From the first entry to the last, repeat the listing exactly.

◆ ◆ ◆ ◆ ◆ ◆ ◆

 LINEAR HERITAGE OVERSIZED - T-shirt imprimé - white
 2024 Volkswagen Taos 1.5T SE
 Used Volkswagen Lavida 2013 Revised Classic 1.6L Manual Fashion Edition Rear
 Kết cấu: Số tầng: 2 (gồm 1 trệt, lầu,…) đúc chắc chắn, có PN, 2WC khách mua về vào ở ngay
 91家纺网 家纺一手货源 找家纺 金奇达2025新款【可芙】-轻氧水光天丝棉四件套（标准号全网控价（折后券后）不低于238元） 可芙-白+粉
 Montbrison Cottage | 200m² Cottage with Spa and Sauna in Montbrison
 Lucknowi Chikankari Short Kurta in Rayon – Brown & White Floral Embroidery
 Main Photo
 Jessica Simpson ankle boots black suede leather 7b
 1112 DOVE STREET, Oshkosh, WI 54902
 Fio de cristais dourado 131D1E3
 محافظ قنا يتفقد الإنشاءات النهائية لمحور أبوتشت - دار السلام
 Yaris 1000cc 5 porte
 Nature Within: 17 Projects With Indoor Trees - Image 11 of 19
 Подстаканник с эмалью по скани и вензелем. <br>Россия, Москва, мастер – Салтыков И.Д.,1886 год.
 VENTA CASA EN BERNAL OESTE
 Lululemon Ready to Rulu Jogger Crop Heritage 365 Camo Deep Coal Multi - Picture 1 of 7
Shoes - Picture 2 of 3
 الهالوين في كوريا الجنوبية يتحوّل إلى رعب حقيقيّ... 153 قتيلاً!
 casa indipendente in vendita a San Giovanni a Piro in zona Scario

◆ ◆ ◆ ◆ ◆ ◆ ◆

#### Your response:
 LINEAR HERITAGE OVERSIZED - T-shirt imprimé - white
 2024 Volkswagen Taos 1.5T SE
 Used Volkswagen Lavida 2013 Revised Classic 1.6L Manual Fashion Edition Rear
 Kết cấu: Số tầng: 2 (gồm 1 trệt, lầu,…) đúc chắc chắn, có PN, 2WC khách mua về vào ở ngay
 91家纺网 家纺一手货源 找家纺 金奇达2025新款【可芙】-轻氧水光天丝棉四件套（标准号全网控价（折后券后）不低于238元） 可芙-白+粉
 Montbrison Cottage | 200m² Cottage with Spa and Sauna in Montbrison
 Lucknowi Chikankari Short Kurta in Rayon – Brown & White Floral Embroidery
 Main Photo
 Jessica Simpson ankle boots black suede leather 7b
 1112 DOVE STREET, Oshkosh, WI 54902
 Fio de cristais dourado 131D1E3
 محافظ قنا يتفقد الإنشاءات النهائية لمحور أبوتشت - دار السلام
 Yaris 1000cc 5 porte
 Nature Within: 17 Projects With Indoor Trees - Image 11 of 19
 Подстаканник с эмалью по скани и вензелем. <br>Россия, Москва, мастер – Салтыков И.Д.,1886 год.
 VENTA CASA EN BERNAL OESTE
 Lululemon Ready to Rulu Jogger Crop Heritage 365 Camo Deep Coal Multi - Picture 1 of 7
Shoes - Picture 2 of 3
 الهالوين في كوريا الجنوبية يتحوّل إلى رعب حقيقيّ... 153 قتيلاً!
 casa indipendente in vendita a San Giovanni a Piro in zona Scario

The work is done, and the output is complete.